* _Raw data_:
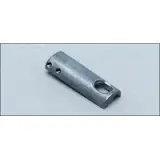 E12259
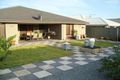 Property photo of 6 Coralgum Green South Lake WA 6164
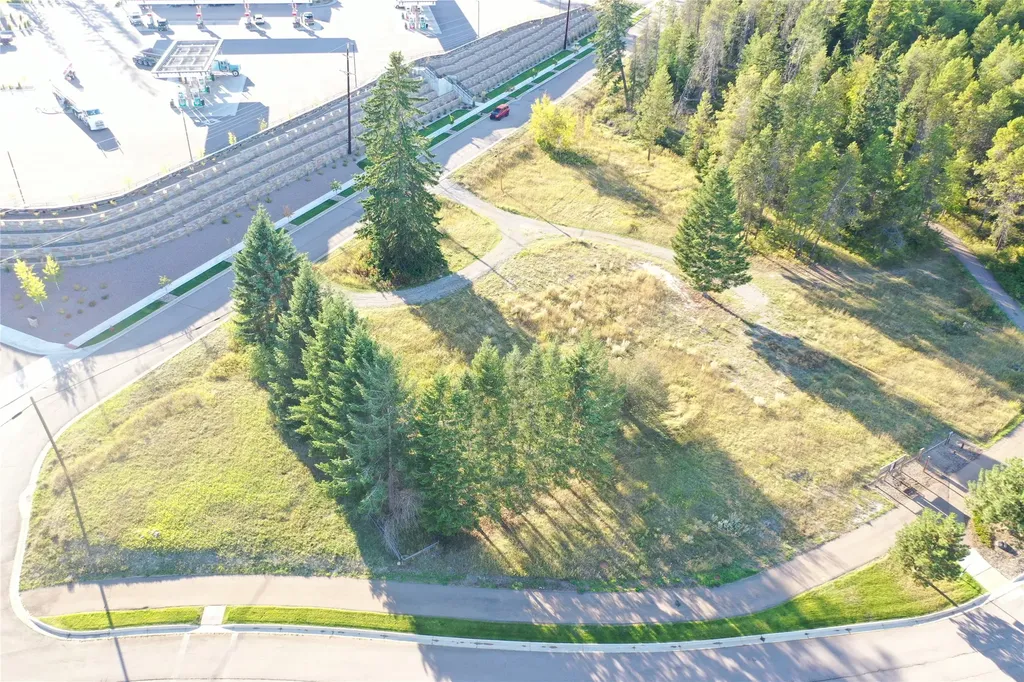 6111 Highway 93 S Whitefish MT 59937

* _Try it_: Print the material above once more, exactly. No pictures belong in it.

* _Exercise response_:
 E12259
 Property photo of 6 Coralgum Green South Lake WA 6164
 6111 Highway 93 S Whitefish MT 59937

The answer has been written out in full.